After weeks of reading/hearing/watching the back-and-forth about “The Secret,” tonight I realized that what *most* interests me is NOT whether it’s real or not, but the *type* of discourse that has surrounded it.

More specifically, it’s incredible to watch both supporters and detractors cling tenaciously to a belief (rather than examine the belief, or even recognize that their arguments are, often, beliefs and not merely observations). It’s impressive to watch people take information that contradicts their beliefs and twist it into a support for their beliefs.

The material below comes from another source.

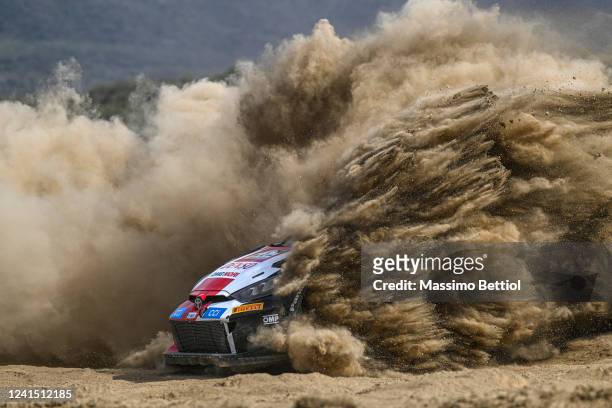Elfyn Evans of Great Britain and Scott Martin of Great Britain compete with their Toyota Gazoo Racing WRT Toyota GR Yaris Rally1 during Day Three of...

It’s amazing to witness the rash of “thought-stopping statements” (responses that put the brakes on any conversation) and rampant projection that replace genuine dialogue.

The supporters say, “You’re just being negative,” (as if negativity is a problem) or “Keep an open mind,” (which they aren’t) or “It’s true for me,” (as if first-person anecdotal evidence is meaningful).

The detractors say, “It’s all snake oil” (overlooking the valuable data contained in understanding why people think it works) or “It’s just marketing,” (as if marketing is a bad thing).

For both parties — pro and con — I’d recommend this book, “How We Know What Isn’t So.” And before you think the title implies I’m saying that The Secret “isn’t so”, I’ll tell you that, instead, it describes the various thinking errors to which we are all prone. Errors that cost us happiness, money, and clarity… and errors that prevent a meaningful discussion, analysis and understanding of anything, let alone the phenomenon of The Secret, and the information it tries to convey.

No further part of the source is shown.